Una cosa buona l’autonomia differenziata l’ha fatta, la migliore possibile: ha resuscitato il dibattito, il confronto, anche lo scontro, con un recupero di passione civica e politica che non si conosceva da molto tempo. Le acque si sono mosse. E dal fondo sono emerse pulsioni in grado di provocare azioni e reazioni che saranno utili a definire un nuovo rapporto tra Sud e Nord, una nuova governance nel Paese capace di tenere insieme le sue parti nel rispetto di un principio di unità al quale nessuno può e deve rinunciare.



La legge Spacca Italia, com’è stata battezzata dai suoi detrattori, sta generando molta energia in chi la propone e la difende con forza e in chi l’avversa e la contrasta in ogni modo lecito. Una forte mobilitazione tra i cittadini, non solo meridionali, ha consentito di raccogliere in pochissimo tempo le 500mila firme utili a chiedere il referendum per abrogare la norma sgradita e cinque Consigli regionali si sono già attivati per chiamare in causa la Consulta allo scopo di ottenere lo stesso obiettivo dell’annullamento.



Costituzionalisti, professionisti di vario genere, imprenditori, hanno ingaggiato una battaglia sulle idee e sui propositi – basata purtroppo sulla mancanza di fiducia e dunque alimentata dallo scetticismo sulla buona volontà degli altri – che viaggia sulle pagine dei giornali e nei tanti convegni che si stanno organizzando sul tema. Con base a Napoli è nata un’associazione molto combattiva, Testa al Sud, che si è da poco presentata al pubblico e si propone di vigilare sulle mosse dei “separatisti” denunciandone tutte le possibili insidie.

Il Mezzogiorno, che assume anche per questa via un nuovo protagonismo, nel frattempo non sta con le mani in mano e mostra segnali di vitalità non scontati. Dal Covid in poi si presenta come l’area della nazione che più è cresciuta contribuendo a raggiungere risultati lusinghieri nell’aumento del Pil e delle esportazioni. Non più vagone di coda – ha chiarito la Premier Giorgia Meloni all’assemblea di Confindustria -, ma locomotiva. Immagine forse ottimistica che definisce però bene il cambio di immagine e di percezione in atto.



Il Governatore della Banca d’Italia, Fabio Panetta, ribadisce nei suoi interventi informati che il Sud potrà diventare centrale nelle dinamiche di sviluppo del Paese per le potenzialità che esprime – e che bisogna a tutti i costi liberare dalle catene di una burocrazia asfissiante – e per la posizione geografica che lo pone al centro del Mediterraneo, ponte tra l’Europa e quell’Africa a cui tutti guardano con interesse montante per i preziosi materiali che custodisce nel sottosuolo (ne sa qualcosa la Cina) e la carica esplosiva della sua economia.
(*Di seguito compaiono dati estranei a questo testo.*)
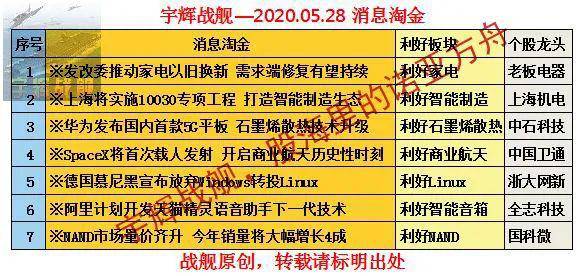 澳门一肖一特100精准,数据科学解析说明_PBO29.898明星版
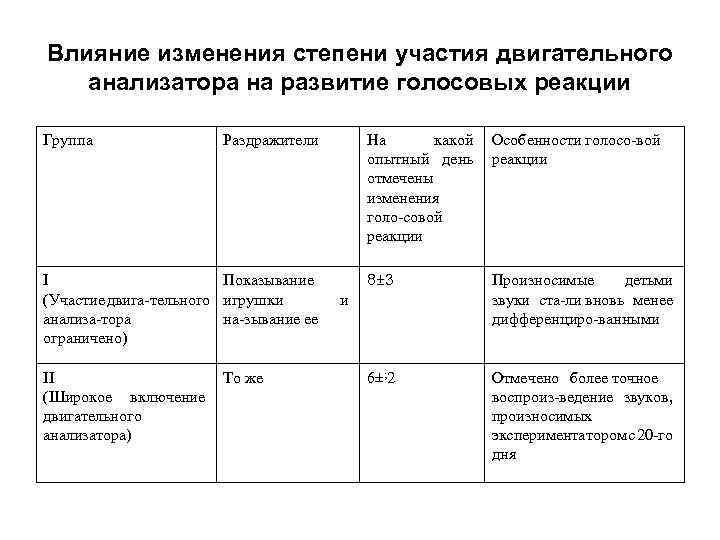 Влияние изменения степени участия двигательного анализатора на развитие голосовых реакции Группа Раздражители I Показывание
Sempre Panetta auspica che l’uso intelligente delle tante risorse disponibili – da quelle del Pnrr a quelle del Piano di sviluppo e coesione – possa creare le condizioni per un riavvicinamento del Sud al Nord in termini di ricchezza pro capite. Un rapporto che se giungesse al 75% (oggi è circa al 50%) consentirebbe all’Italia di scavalcare la Francia nella classifica del Prodotto interno lordo. E sarebbe una risposta convincente ai tanti giovani che nonostante le belle prospettive continuano a cercare fortuna altrove.

Il fermento, le aspettative, le mosse e le contromosse messe in campo hanno bisogno di camminare sulle gambe di uomini e donne che sanno dove andare e come. Più interessante si fa la sfida, più si fa probabile il taglio di un traguardo, più c’è bisogno di chi sappia interpretare il segno del cambiamento. Per spostare davvero in fondo allo Stivale la frontiera dell’innovazione – che si tratti di energie rinnovabili o altro – non bastano le parole e le buone intenzioni. Bisogna passare ai fatti. E questi reclamano persone giuste al posto giusto.